Le défilé a transformé en un parcours arc-en-ciel et festif l’avenue de la Victoire (Calea Victoriei), qui est à Bucarest ce que sont les Champs-Élysées à Paris ou la 5e Avenue à New York. Bien que la société roumaine soit en majorité homophobe, ce parcours inédit contraste avec l’espace clos des précédentes Gay Prides dans la capitale et suggère une société – légèrement – plus tolérante que naguère.

Pour ceux qui préfèrent l’actu en allemand, voici le tout aussi bref reportage d’Euronews en allemand consacré à la Gay Pride 2018 à Bucarest.
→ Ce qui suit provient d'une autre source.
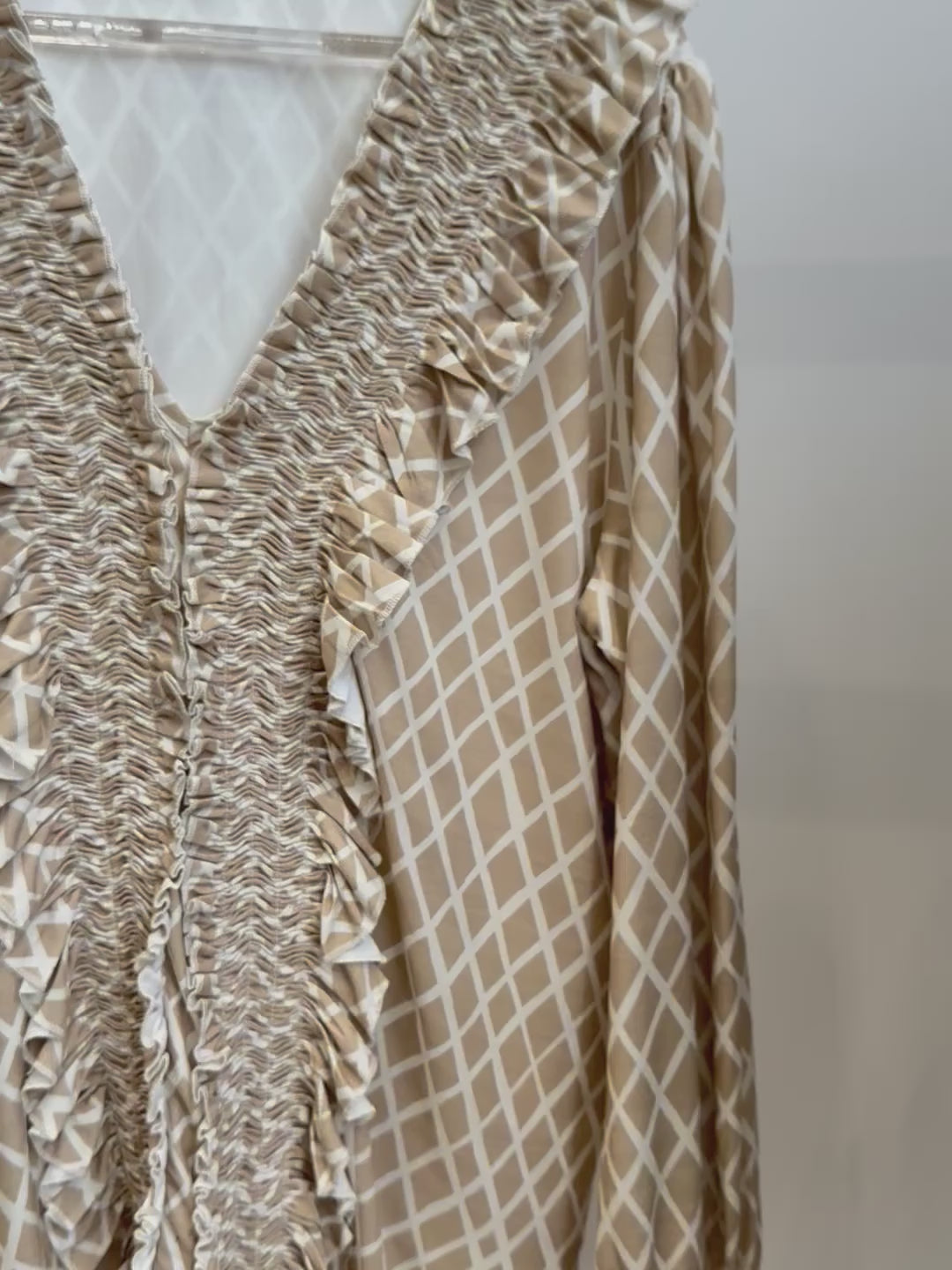 Conjunto Bege com estamos geométricas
Tout ce beau monde était encadré par une présence policière massive. Non pas pour empêcher les fêtards de modifier le parcours ou de quitter le cortège, mais pour faire tampon et éviter toute collision avec des contre-manifestants.
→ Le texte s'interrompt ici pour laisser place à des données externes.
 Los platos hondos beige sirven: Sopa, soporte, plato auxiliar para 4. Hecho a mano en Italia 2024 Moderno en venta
Car au même moment, une contre-manifestation rassemblait des individus épris de « normalité », ivres de christianisme orthodoxe et voulant soumettre à référendum l’idée idiote qu’un mariage ne peut unir que deux personnes de sexes opposés. La contre-manifestation était organisée par le Parti social-démocrate (PSD, au pouvoir), ce qui explique pourquoi elle n’a pas été interdite.

Les gens qui liraient ce texte sans maîtriser d’autre idiome que l’anglais se consoleront avec le reportage d’Euronew en anglais britannique…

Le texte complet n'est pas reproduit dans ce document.